■ WHAT THIS TASK INVOLVES:
Using the data below, print exactly the line with "Multicolour Maya Rajwadi Jewellery Set", the line with "mettekids女童连衣裙夏季女孩甜美网纱公主裙儿童蓝色绣花裙子 商品图2", and every line between them, but none of the pictures.

■ MATERIAL FOR THIS EXERCISE:
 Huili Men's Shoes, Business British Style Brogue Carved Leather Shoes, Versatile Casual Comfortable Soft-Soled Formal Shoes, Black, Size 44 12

==

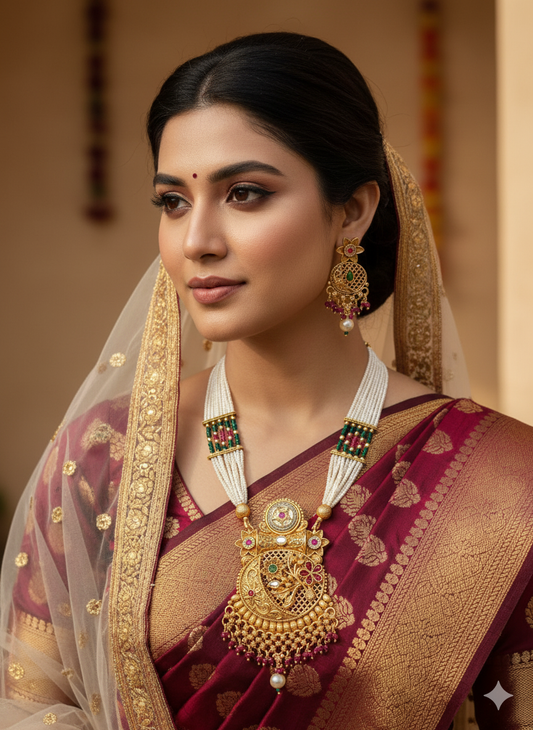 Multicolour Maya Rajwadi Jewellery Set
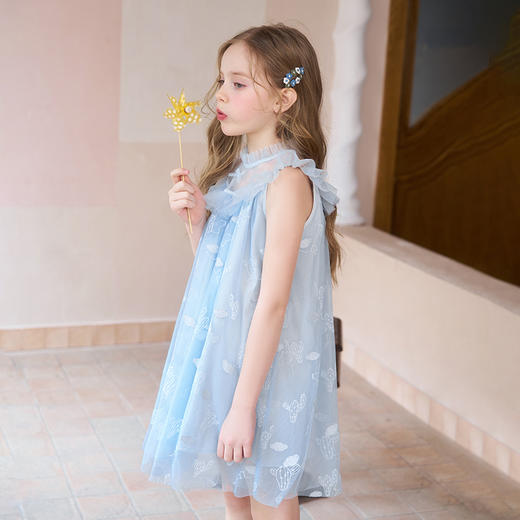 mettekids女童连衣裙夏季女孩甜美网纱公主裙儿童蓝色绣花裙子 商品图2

■ WRITTEN ANSWER:
 Multicolour Maya Rajwadi Jewellery Set
 mettekids女童连衣裙夏季女孩甜美网纱公主裙儿童蓝色绣花裙子 商品图2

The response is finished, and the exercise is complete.